Automattic's benefits can vary by location. The above describes US-based staff. See our benefits based on where you are in the world.
A Note About Diversity & Inclusion at Parse.ly
We’re improving diversity in the tech industry. At Parse.ly and our parent company, Automattic, we want people to love their work and show respect and empathy to all. We welcome differences and strive to increase participation from traditionally underrepresented groups.
Studies have shown that women and people of color tend not to apply for jobs unless they feel they meet exactly all items in the job description. We believe that high-performing teams include people from different backgrounds and experiences who can challenge each other’s assumptions with fresh perspectives. We encourage you to apply, even if you don’t match everything listed in the job description. Let us know why this role appeals to you, why you will be great, and which requirements will stretch you.

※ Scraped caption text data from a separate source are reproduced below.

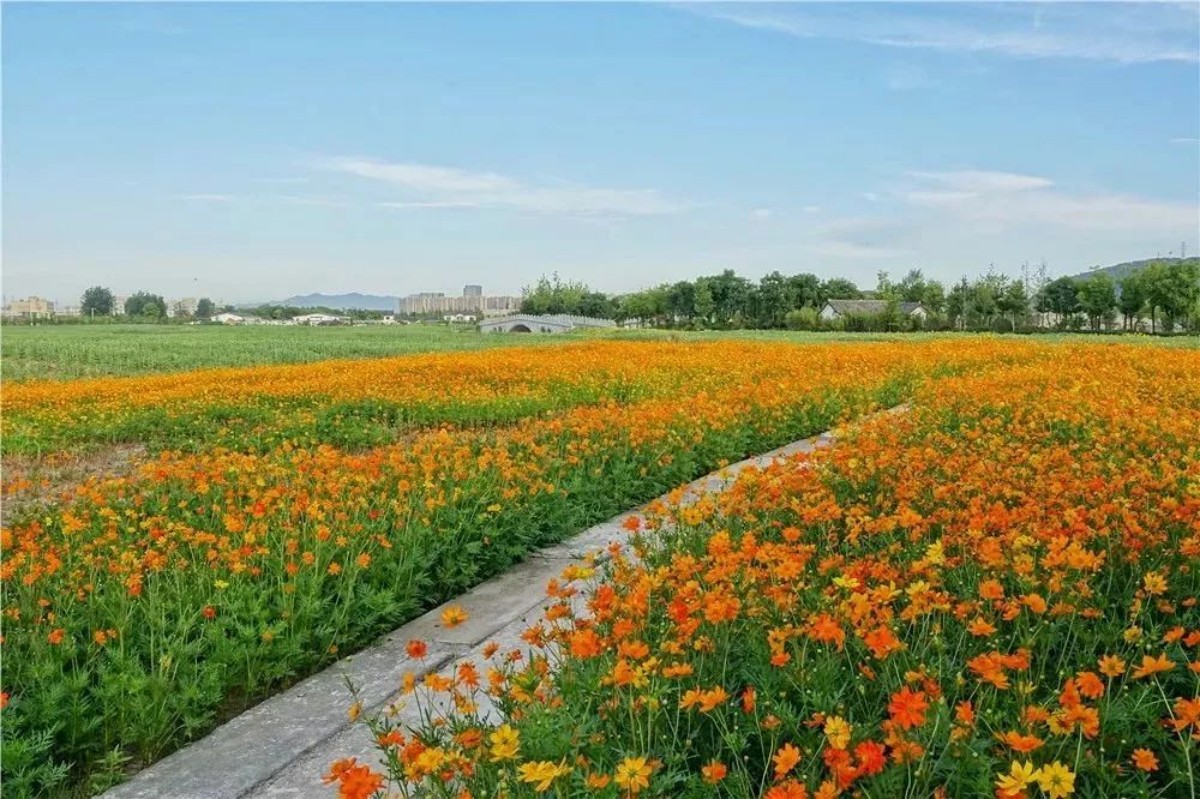 1725945342989755.jpg 1-231030133315130.jpg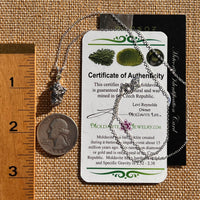 Moldavite & Meteorite Necklace Sterling Silver #7667-Moldavite Life
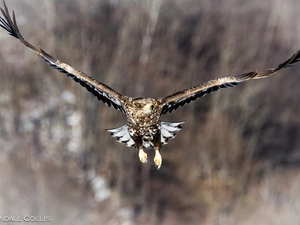 eagle, flight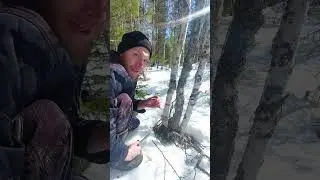 Отвар из трав  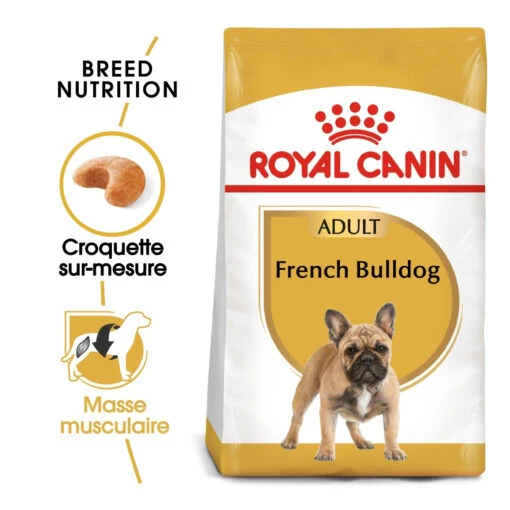 Royal Canin French Bulldog Adult - Hondenvoer - 9kg -Dierenwinkel royal canin bouledogue francais adult bouledogue francais 1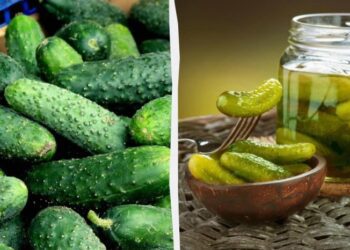Чи вдасться українцям законсервувати огірки цього року: прогноз експерта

We are an equal opportunity employer who values and encourages diversity and belonging at our company. We do not discriminate on the basis of race, religion, color, national origin, gender, sexual orientation, age, marital status, veteran status, or disability status.
- Apply now by sending your CV and/or LinkedIn profile, Github link (or similar) to firstname.lastname@example.org. Make sure to indicate you are applying for the "Machine Learning Engineer" role.
- Include a 1-3 paragraph intro to why you're interested in this role.
- Tell us about an interesting project you worked on and point us toward a piece of code you wrote.